# [What you need to do]
Where the listing below reaches the line containing "PVC Pipe: Best Choice for the Environment", start writing out lines exactly, and stop once the line containing "Beyond My Control" has been written.

# [Dataset]

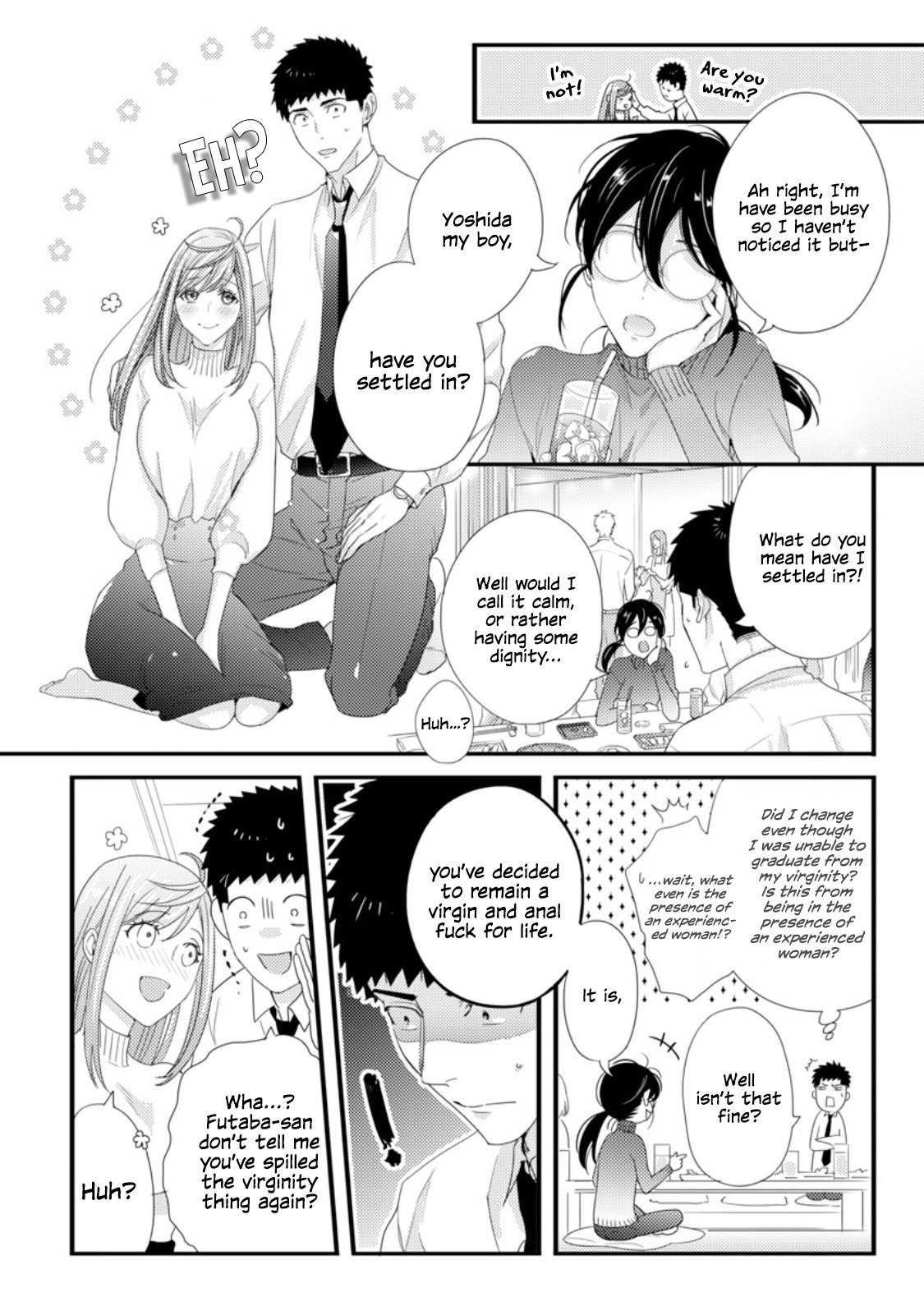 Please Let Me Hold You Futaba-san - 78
--
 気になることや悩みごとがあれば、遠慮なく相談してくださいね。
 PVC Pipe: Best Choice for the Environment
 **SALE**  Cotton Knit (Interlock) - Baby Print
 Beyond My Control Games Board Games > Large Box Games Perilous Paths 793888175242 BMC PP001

# [Response]
 PVC Pipe: Best Choice for the Environment
 **SALE**  Cotton Knit (Interlock) - Baby Print
 Beyond My Control Games Board Games > Large Box Games Perilous Paths 793888175242 BMC PP001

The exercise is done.